Dr. Abdul El-Sayed: I think there’s this world where we’re told that everyone’s a perfect consumer and that they’ll make their choices as they are. But I worry that, particularly when you’re talking about kids, because this is who you’re talking about, right, who tend to be the most exposed, that there is not that agency to be able to make really good decisions. And I worry that it’s assumed that these things are safe because you’re not feeling the consequences of them today, even though you’re going to feel the consequences of them later. And, you know, there’s a world where you could do this, where you could turn off the governor, for example, which is to say, now listen, you know, if you want to listen to this as loud as it goes, we could do that. But at baseline, right. You have to choose against that. 

 

Erica Walker: Yeah yeah.

 

Dr. Abdul El-Sayed: Right. Um. Rather than, you know, you’re just you can play it as loud as you want and suffer the consequences later. And, you know, whatever it was your choice. Right. And I– 

 

Erica Walker: Yeah yeah. 

 

Dr. Abdul El-Sayed: That’s the thing that I worry about, which is, I you know, when you’re talking about kids and their long term hearing loss about decisions that they make when they’re 13 and they’re pressured to like, listen to the music extra, extra loud. 

 

Erica Walker: Mm hmm. 

 

Dr.
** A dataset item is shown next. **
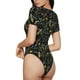 thumbnail image 2 of Balery Wasp and Florals Body de cuello redondo de manga corta para mujer Tops de manga corta Tops básicos-Small, 2 of 7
Abdul El-Sayed: I don’t know that they’re making the best decisions and that they even can make the best decisions for themselves. 

 

Erica Walker: So that’s where education comes in. Like when I was a young kid, I didn’t recycle. I think like when I grew up in the eighties, no one recycled, um but no one [laugh] put a sensor in my trash can to make sure I separated things umm and made sure I was recycling properly. I went to school, they had educational programs that taught us about the benefits of recycling, and I found that to be like, I had this my own eureka moment that made me believe in the movement to where it was just. And I thought about ways to recycle other things, you know, like, so I was just recycling we were at that time, we were just doing glass, cans and that’s it. But then even myself, with my creativity, I was able to think about, well, maybe we can recycle other things too. But if I was if there was some mechanism that was forcing my hand um in a way that I wasn’t being educated about why they’re forcing my hand, I’m also I’m going to do something because someone’s telling me to do it, but I’ll never be able to have the education and gener– to generate the creativity to move beyond that. So I don’t know. I think that education and that’s one of the things that we do in the schools, we educate them, we show them the correlations and we hope that they make better decisions. But I kind of go on the less Big Brother, more uh education, and we saw that during COVID. I know like as public health people, we saw that force wasn’t necessarily the best way to get people to uh appreciate the benefits of the vaccine. But I think that what we found was most um beneficial was, you know, educating people about uh what the vaccine was as opposed to just mandating it. Um. So, I don’t know, education plays a big role in what people decide to do. 

 

Dr. Abdul El-Sayed: Yeah, I um, I, of course, will never disagree with you about education, but I also think that there’s a role there’s a role for for um for setting a baseline expectation. And I don’t think that, you know, banning loud headphones is really the way to go. But I do think that um making sure that folks have a sense you know in the in the the product itself, a sense of what the risks are of this. Right. Because especially when you’re talking about long term consequences for short term joy, that’s where things sometimes that that becomes a real challenge. I mean, you think about smoking, for example, right? It is, from what I understand, joyful to smoke in a short period of time. The long term consequences are what you really worry about. 

 

Erica Walker: Yeah. 

 

Dr. Abdul El-Sayed: And humans are not very good at addressing the discounting of the future. 

 

Erica Walker: Yeah. 

 

Dr. Abdul El-Sayed: Especially, you know, 13 year old humans who are listening to their favorite song. Um. I want to ask you, you know you’ve been doing some really great work around noise, sound in Mississippi. Can you talk to us a little bit about that?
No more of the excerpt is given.